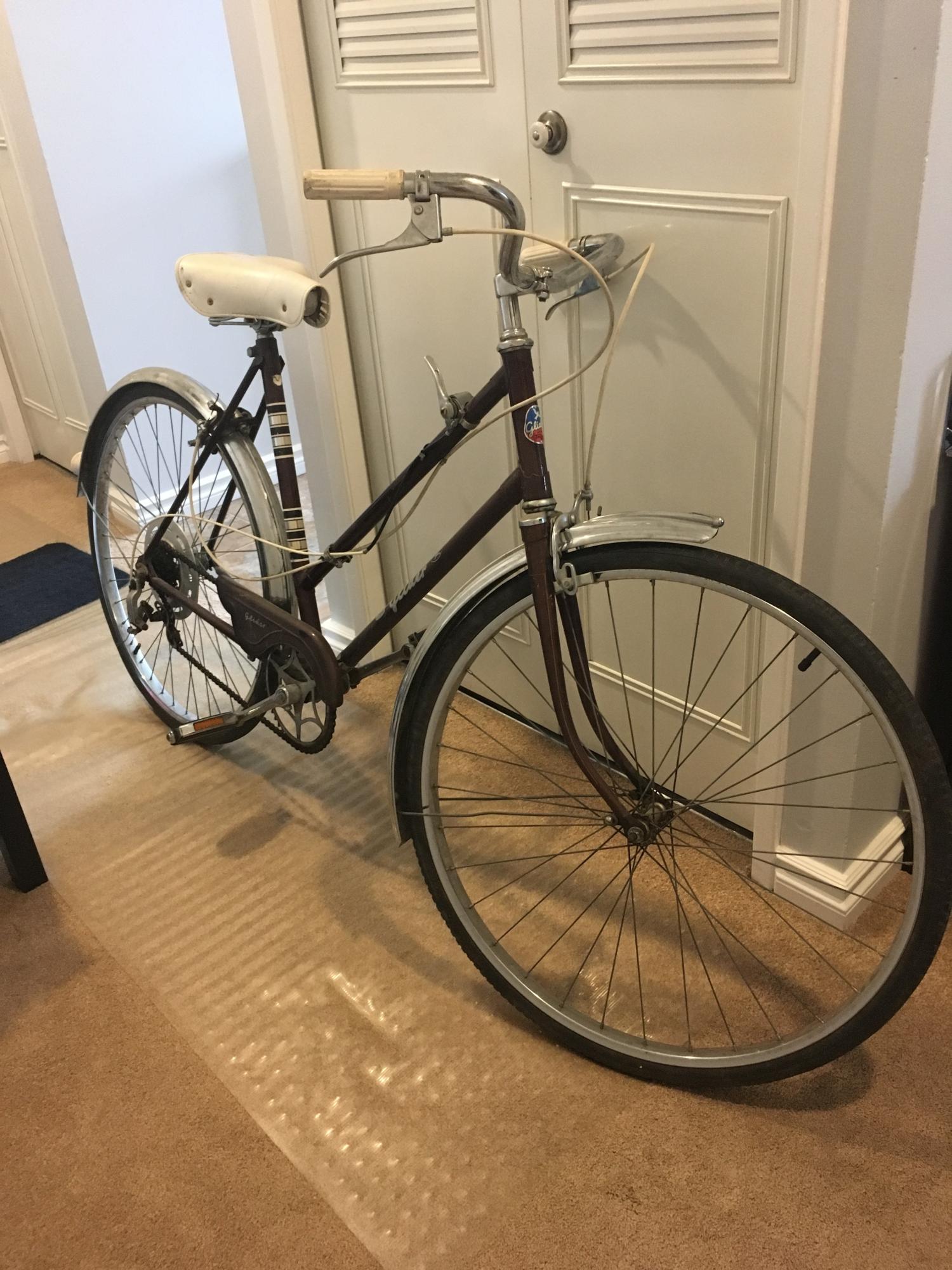 1972 Eaton's: Made in England Truline Glider Brown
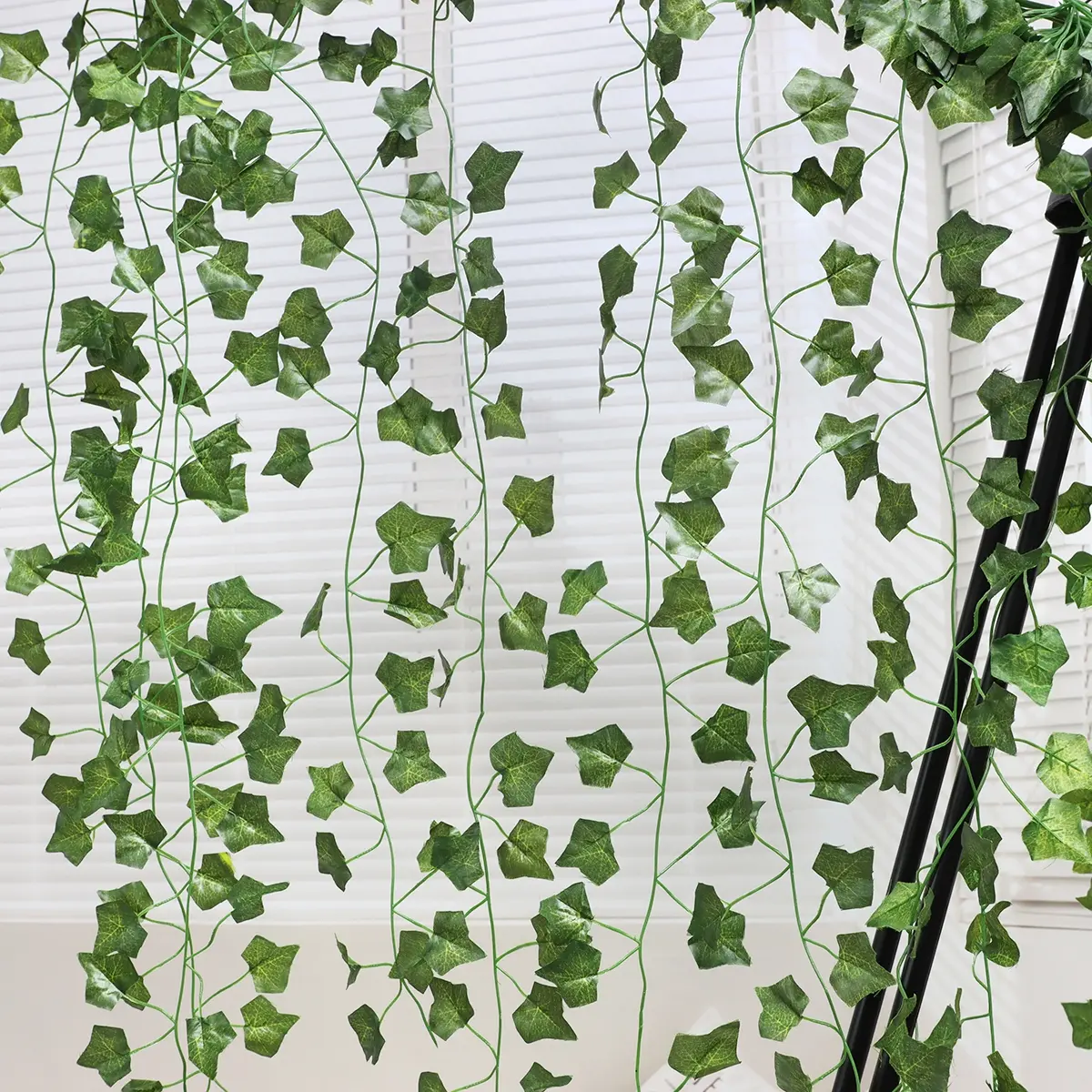 Valentine's Day Wall Hanging Simulation Faux Plastic Vine Ornaments for Room Decor, DIY Spring Green Artificial Leaf Vine, Plastic Simulation Leaves, Decorative Plants for Home Wedding Party Decoration, Fake Indoor Plants, Artificial Plant Vines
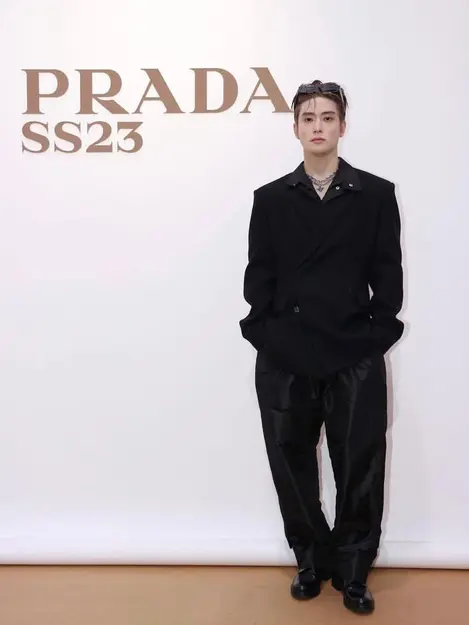 Jadi Brand Ambassador Prada Terbaru, Penampilan Jaehyun NCT di Fashion Show Curi Perhatian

Task description: Write out again, word for word, the lines from the one holding "Valentine's Day Wall" through the final line of the listing, including both ends but no pictures.

The answer:
 Valentine's Day Wall Hanging Simulation Faux Plastic Vine Ornaments for Room Decor, DIY Spring Green Artificial Leaf Vine, Plastic Simulation Leaves, Decorative Plants for Home Wedding Party Decoration, Fake Indoor Plants, Artificial Plant Vines
 Jadi Brand Ambassador Prada Terbaru, Penampilan Jaehyun NCT di Fashion Show Curi Perhatian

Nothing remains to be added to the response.